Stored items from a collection
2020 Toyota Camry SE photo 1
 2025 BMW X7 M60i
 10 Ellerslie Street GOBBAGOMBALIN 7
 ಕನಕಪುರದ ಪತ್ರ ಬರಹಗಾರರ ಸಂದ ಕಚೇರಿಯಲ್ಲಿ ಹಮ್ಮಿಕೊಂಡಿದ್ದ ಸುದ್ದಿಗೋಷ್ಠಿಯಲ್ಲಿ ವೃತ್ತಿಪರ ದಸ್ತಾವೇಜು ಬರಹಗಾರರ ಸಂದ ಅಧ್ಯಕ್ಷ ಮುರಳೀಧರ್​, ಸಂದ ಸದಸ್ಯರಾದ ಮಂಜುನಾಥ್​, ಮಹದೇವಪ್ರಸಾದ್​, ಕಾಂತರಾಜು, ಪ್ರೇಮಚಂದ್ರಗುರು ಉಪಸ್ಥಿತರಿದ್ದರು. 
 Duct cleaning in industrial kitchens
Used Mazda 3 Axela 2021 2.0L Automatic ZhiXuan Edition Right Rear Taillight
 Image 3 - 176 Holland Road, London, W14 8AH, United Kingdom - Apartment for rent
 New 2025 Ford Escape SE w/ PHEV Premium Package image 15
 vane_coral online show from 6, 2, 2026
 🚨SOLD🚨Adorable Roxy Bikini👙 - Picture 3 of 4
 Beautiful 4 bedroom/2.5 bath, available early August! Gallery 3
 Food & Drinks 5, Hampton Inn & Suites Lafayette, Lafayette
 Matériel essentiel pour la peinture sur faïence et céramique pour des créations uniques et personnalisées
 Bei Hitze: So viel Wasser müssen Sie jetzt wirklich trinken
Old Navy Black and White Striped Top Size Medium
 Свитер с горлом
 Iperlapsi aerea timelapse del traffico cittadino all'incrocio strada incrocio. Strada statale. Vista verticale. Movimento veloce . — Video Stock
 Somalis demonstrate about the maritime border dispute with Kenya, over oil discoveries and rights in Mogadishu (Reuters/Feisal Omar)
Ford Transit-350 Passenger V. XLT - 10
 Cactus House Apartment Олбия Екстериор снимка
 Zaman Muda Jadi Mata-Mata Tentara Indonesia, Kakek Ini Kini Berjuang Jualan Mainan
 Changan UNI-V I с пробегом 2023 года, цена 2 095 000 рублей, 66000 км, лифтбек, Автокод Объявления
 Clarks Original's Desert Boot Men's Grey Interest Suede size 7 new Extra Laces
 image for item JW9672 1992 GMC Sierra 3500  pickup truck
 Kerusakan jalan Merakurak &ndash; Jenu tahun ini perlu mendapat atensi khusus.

• _WORK REQUIRED_: Print exactly the lines from the beginning of the entries through the line with "Duct cleaning in industrial kitchens". Output nothing more.

• _WRITTEN SOLUTION_:
2020 Toyota Camry SE photo 1
 2025 BMW X7 M60i
 10 Ellerslie Street GOBBAGOMBALIN 7
 ಕನಕಪುರದ ಪತ್ರ ಬರಹಗಾರರ ಸಂದ ಕಚೇರಿಯಲ್ಲಿ ಹಮ್ಮಿಕೊಂಡಿದ್ದ ಸುದ್ದಿಗೋಷ್ಠಿಯಲ್ಲಿ ವೃತ್ತಿಪರ ದಸ್ತಾವೇಜು ಬರಹಗಾರರ ಸಂದ ಅಧ್ಯಕ್ಷ ಮುರಳೀಧರ್​, ಸಂದ ಸದಸ್ಯರಾದ ಮಂಜುನಾಥ್​, ಮಹದೇವಪ್ರಸಾದ್​, ಕಾಂತರಾಜು, ಪ್ರೇಮಚಂದ್ರಗುರು ಉಪಸ್ಥಿತರಿದ್ದರು. 
 Duct cleaning in industrial kitchens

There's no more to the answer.